MAGISANO: That these, you know, the, all of this PTSD from unresolved grief and, um, you know, all this rage that, you know, never really went away. It just kind of, we couldn't sustain it anymore. You know, where did we take all of that into, they took it, a lot of people took it into self-destructive behavior. Um, and, so, there's been, you know, in that way, there—a lot of public processing happened in, you know, it is about 12, 14 years ago. I found a lot of that public processing of what happened to us, um, was out in the air. It's kind of, you know, it's certainly not, hasn't been sustained. I think a lot of people have healed in a lot of ways. Um, but I also think like what you bring up around the lack of intergenerational communication on this, um, I think it is a real thing. [Laughs] And I think that there's, you know, I mean, this was why, I mean, you are reaching out to me. It's like, oh my God, somebody wants to know about this, you know. Um, 'cause gay men my age and older, uh, you will just find a lot of resentment of younger gay men because they don't want to hear it. And you'll find, and I can't speak from it for the speak to the other side, but my impression is we're also angry at the young generation, younger generation for not knowing this stuff.

WALDEN: Mm-hmm.

MAGISANO: And we treat them with that anger, and why would they want to talk to us?

WALDEN: Yeah.

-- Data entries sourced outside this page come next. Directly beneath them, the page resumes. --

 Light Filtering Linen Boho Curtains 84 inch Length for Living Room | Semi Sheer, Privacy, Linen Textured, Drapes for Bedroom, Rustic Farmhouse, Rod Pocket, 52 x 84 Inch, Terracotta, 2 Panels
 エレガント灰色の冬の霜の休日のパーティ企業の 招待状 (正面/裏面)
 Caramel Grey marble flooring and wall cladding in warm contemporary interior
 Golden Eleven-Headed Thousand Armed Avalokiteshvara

Yeah.

MAGISANO: You know?

WALDEN: Yeah.

MAGISANO: So there's that, you know, there's that disconnect that, um, is really real.

WALDEN: Mm-hmm.

MAGISANO: Uh, it's, and then, you know, the, all the age dynamics that play in, it's like, um you know, we in my generation, were like, oh, well, you know, wait until they get our age. You know, they'll find out they're not so cute and that, you know, they think everything's so good now. You know, there's all this projection about how we used to act.

[02:10:19]

WALDEN: Yeah.

MAGISANO: And I don't actually think that younger gay men, I don't think they have the same, I don't think you all grow up in the same world that we did. The world is fucked right now, you know? [Laughs] I don't think, uh, I really, yeah, I don't, I see people my age acting like this. Um, like we had a party at my house a few weeks ago, and, uh, some of us few people over, and we had, we had, like, we had a couple who were radical fairies who were in their seventies, Xris and me, who were, were in our sixties, um, and then we had, uh, some younger couples who were here, were there, um, and we remark it's like, wow, this is insane. This, we, we've never had the, you know, we usually it's just our neighbors who show up. Why did all these people show up at this point? But they did. We don't know why. Uh, but it was great. And, um, this young couple that Xris knows from his, his, um, his, uh, botany activism and uh, garden design stuff, um, they were having this really intense conversation. And, uh, and John Jusino, my best friend, he was there. That was the last time I saw him. And he's, uh—so John and I are sitting there hashing out old times, just laughing about stuff. And, John has a real biting edge to him, very sarcastic, very, uh, and I love it.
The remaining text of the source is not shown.